_Work to be completed_.
Nothing but the lines from the one with "Inside Out Bedding" through the end of the records may appear in the answer, each reproduced exactly, pictures omitted.
== Data
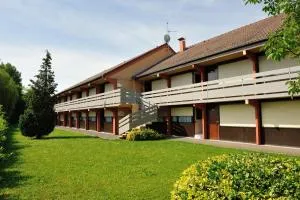 Kyriad Direct Nancy Est - Essey - 乌德蒙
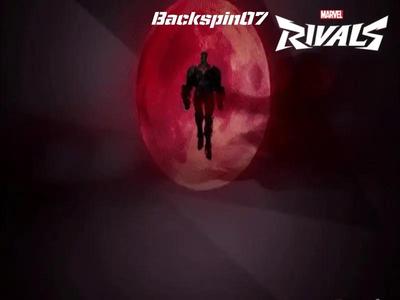 Marvel Rivals Ironman Blood Edge 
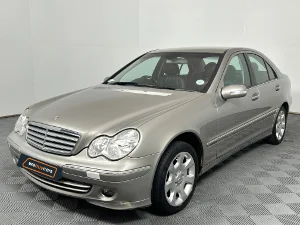 Used 2004 Mercedes-Benz C-Class C180 Kompressor Elegance Touchshift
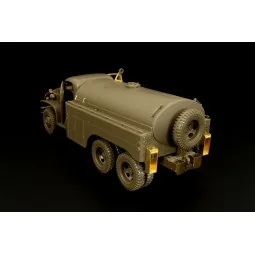 US Airfield fuel truck (Tamiya), 1/48 - Hauler HLX48346 2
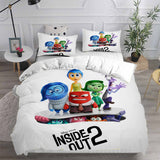 Inside Out Bedding Sets Duvet Cover Comforter Set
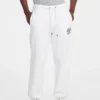 Pantalon de jogging à logo imprimé Pantalon de jogging à logo imprimé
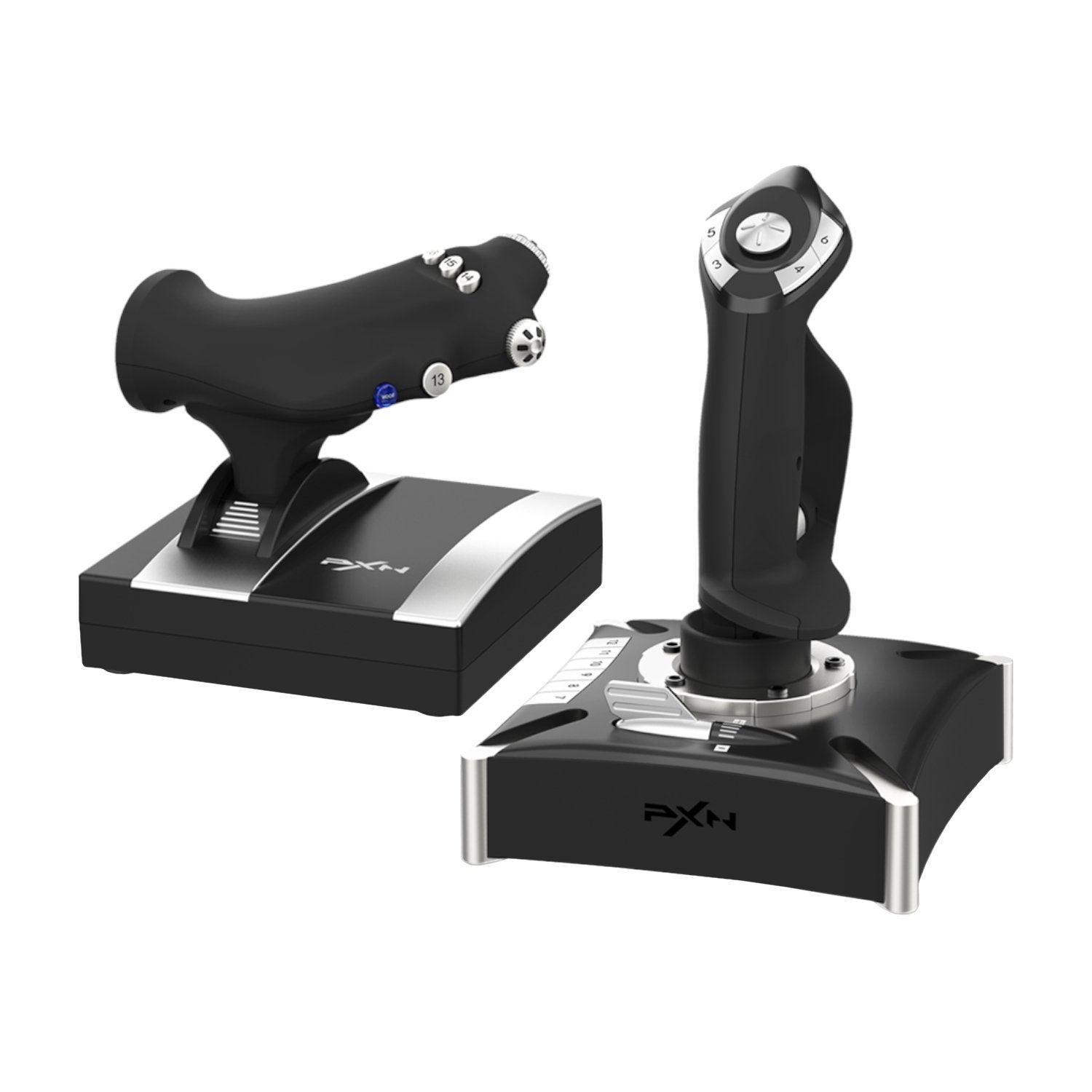 PXN 2119 PRO Flight Simulator Joystick - Wolf Media Store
====
_Exercise result_.
 Inside Out Bedding Sets Duvet Cover Comforter Set
 Pantalon de jogging à logo imprimé Pantalon de jogging à logo imprimé
 PXN 2119 PRO Flight Simulator Joystick - Wolf Media Store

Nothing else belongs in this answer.